Aussi, la somme de 800,00 € sera allouée à Mme [E] [C] [X] au titre de l’article 700 du Code de procédure civile, due par M. [Z] [H], assisté de son curateur l’ASSIM, et la somme de 400,00 € sera allouée au SYNDICAT DES COPROPRIETAIRES “[Adresse 8] MARECHAL” au titre de l’article 700 du Code de procédure civile, due par M. [Z] [H], assisté de son curateur l’ASSIM.

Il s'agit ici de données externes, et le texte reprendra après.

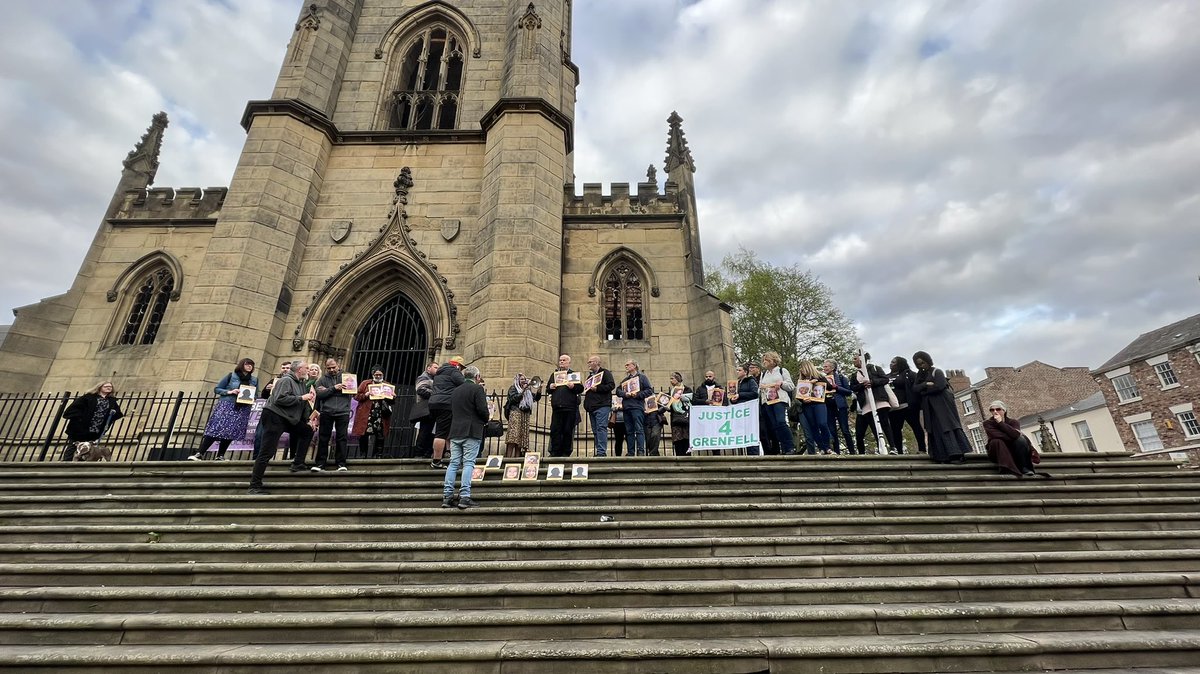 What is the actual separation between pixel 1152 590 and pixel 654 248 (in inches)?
433

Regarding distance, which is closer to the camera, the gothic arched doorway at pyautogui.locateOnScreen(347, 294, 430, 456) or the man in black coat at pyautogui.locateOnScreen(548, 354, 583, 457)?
the man in black coat at pyautogui.locateOnScreen(548, 354, 583, 457)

Sur l’exécution provisoire
La présente décision est exécutoire à titre provisoire, conformément à l’article 514 du Code de procédure civile.
*
Les parties seront déboutées du surplus de leurs demande.
PAR CES MOTIFS
Le juge des contentieux de la protection, statuant par décision contradictoire, en premier ressort et prononcée par mise à disposition au greffe,
CONSTATE l’intervention volontaire à l’instance du SYNDICAT DES COPROPRIETAIRES “[Adresse 9]”,
VALIDE le congé délivré à M. [Z] [H], assisté de son curateur l’ASSIM, par acte extra-judiciaire du 12 août 2022 pour le 17 juin 2023,
CONSTATE l’occupation du local à usage d’habitation sis [Adresse 5] sans droit ni titre à compter du 18 juin 2023 par M. [Z] [H],
FAIT DROIT à la demande de M. [Z] [H], assisté de son curateur l’ASSIM, tendant à l’octroi de délais pour quitter les lieux,
ORDONNE en conséquence à M. [Z] [H] de libérer les lieux et de restituer les clés dans le délai maximum de SIX (6) mois, à compter de la signification de la présente Ordonnance, et l’y CONDAMNE en tant que de besoin,
DIT qu’à défaut pour M. [Z] [H] d’avoir volontairement libéré les lieux et restitué les clés dans ce délai, Mme [E] [C] [X] pourra, deux mois après la signification d’un commandement de quitter les lieux, faire procéder à son expulsion ainsi qu’à celle de tous occupants de son chef, y compris le cas échéant avec le concours d’un serrurier et de la force publique,
DIT que le sort des meubles et objets mobiliers présents dans le logement lors de l’expulsion sera régi par les dispositions de l’article L 433-1 du Code des procédures civiles d’exécution,
DEBOUTE la demanderesse de sa demande d’astreinte,
CONDAMNE M. [Z] [H], assisté de son curateur l’ASSIM, à payer à Mme [E] [C] [X] une indemnité d’occupation mensuelle à hauteur de 600,78 €, à compter du 18 juin 2023 et jusqu’à complète libération des lieux, les sommes échues portant intérêts au taux légal à compter du 05 mars 2024,
AUTORISE Mme [E] [C] [X] à conserver le dépôt de garantie prévu au contrat de bail en paiement des loyers, charges et indemnités d’occupation échus impayés,
DEBOUTE M. [Z] [H], assisté de son curateur l’ASSIM, de sa demande en délais de paiement,
CONDAMNE M. [Z] [H], assisté de son curateur l’ASSIM, à payer à Mme [E] [C] [X] la somme de 50,00 € à titre de dommages-intérêts sur le fondement de l’article 1240 du Code civil,
CONDAMNE M. [Z] [H], assisté de son curateur l’ASSIM, à payer au SYNDICAT DES COPROPRIETAIRES “[Adresse 9]”, représenté par son Syndic en exercice la Sté SOGEA, la somme de 50,00 € à titre de dommages-intérêts sur le fondement de l’article 1240 du Code civil,
CONDAMNE M. [Z] [H], assisté de son curateur l’ASSIM, aux dépens,
CONDAMNE M. [Z] [H], assisté de son curateur l’ASSIM, à payer à Mme [E] [C] [X] la somme de 800,00 € au titre de l’article 700 du Code de procédure civile,
CONDAMNE M. [Z] [H], assisté de son curateur l’ASSIM, à payer au SYNDICAT DES COPROPRIETAIRES “[Adresse 9]”, représenté par son Syndic en exercice la Sté SOGEA, la somme de 400,00 € au titre de l’article 700 du Code de procédure civile,
RAPPELLE que la présente décision est assortie de l’exécution provisoire,
DEBOUTE les parties du surplus de leurs demandes.